Mental Health Trust Takes Intergrated Route

Oxleas NHS Foundation Trust is no stranger to integration, having a history of building up its services through mergers, including two projects in the past year.

Community health services in Bexley, south London, transferred to the trust in July 2010 and in April this year it integrated with community services in Greenwich. The addition of Greenwich community services was the bigger of the two – increasing the trust’s turnover from around £154m to about £194m. Monitor decided this was a significant transaction and reassessed its financial risk rating (FRR), reducing it from 4 to 3.

Director of finance Richard Page (pictured) says that as a mental health trust with a private finance initiative scheme, it already had a relatively low EBITDA margin (earnings before interest, tax, depreciation and amortisation). But taking on leases of community healthcare buildings has further reduced this – lease costs are above the EBITDA line.

‘The I&E position in community services was not much different from our own, but we knew it would affect EBITDA because there were no assets coming with the services, so there is no depreciation and no extra public dividend capital,’ he says.

Despite the reduction in FRR, Mr Page says the trust is ‘sitting comfortably on a 3, rather than sitting comfortably on a 4’. The trust has a strong balance sheet and its internal risk ratings, which look at I&E reserve and liquidity as a percentage of turnover, show it in a strong position.
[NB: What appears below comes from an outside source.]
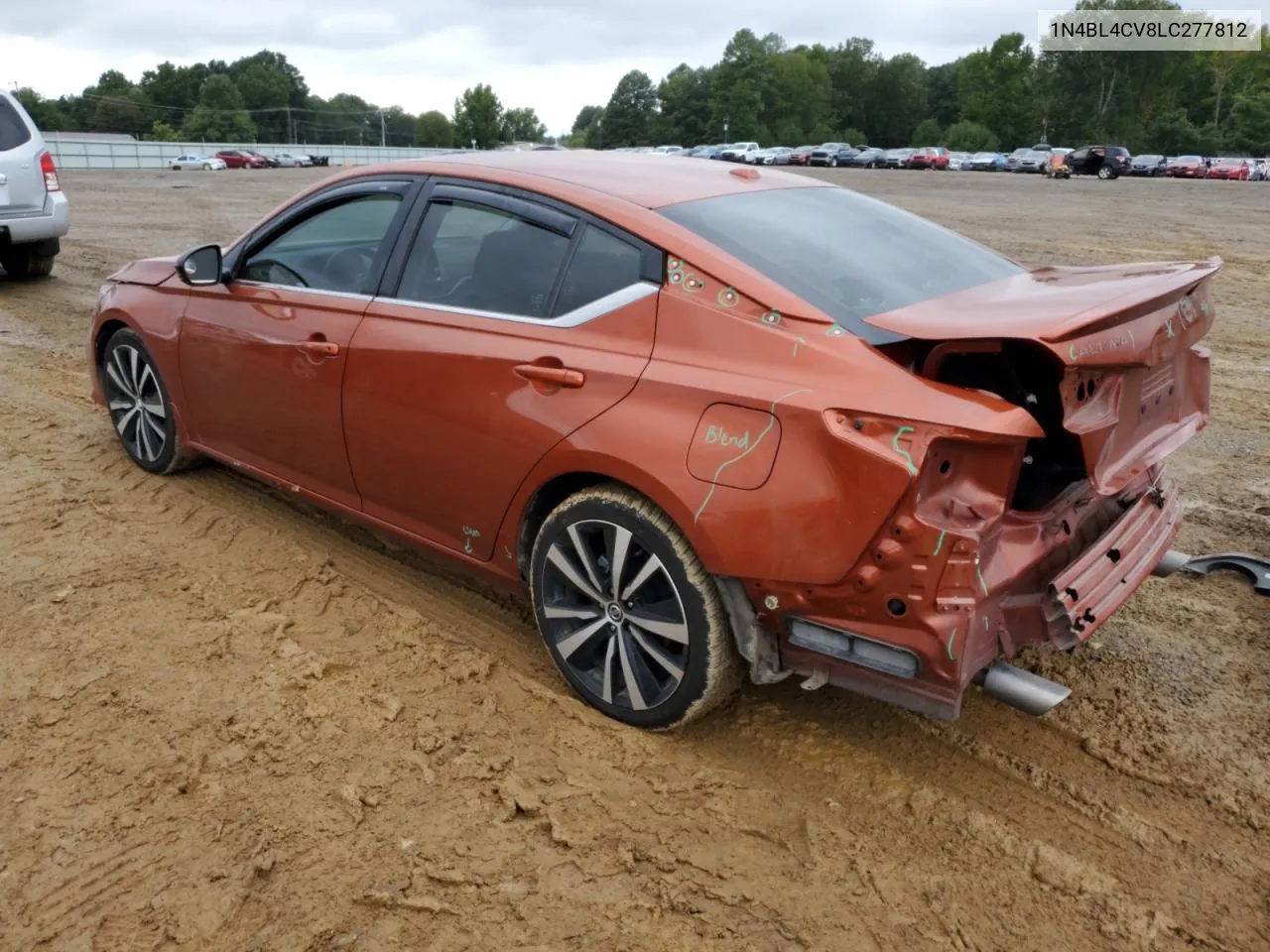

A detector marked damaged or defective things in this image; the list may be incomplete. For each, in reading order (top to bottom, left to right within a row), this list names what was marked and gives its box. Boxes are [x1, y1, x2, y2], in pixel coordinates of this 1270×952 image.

It’s early days to see benefits, but he believes they will come as the new services become embedded in the trust’s culture. ‘We are looking at hard benefits – things we know we are definitely going to get, having been through due diligence. These are issues such as savings on overheads and corporate costs,’ Mr Page explains. ‘We are not planning on the basis of heroic changes – the type you need to take £1m out to make it financially viable. If that were the case we wouldn’t do it.’

Savings will be made by integrating care pathways – for example, many older people with mental health problems also have physical problems and the trust is finding a lot of crossover between mental health and community patients. And he believes integration will improve quality and reduce inequalities as many patients with mental health issues and learning disabilities find it difficult to access care for physical health problems.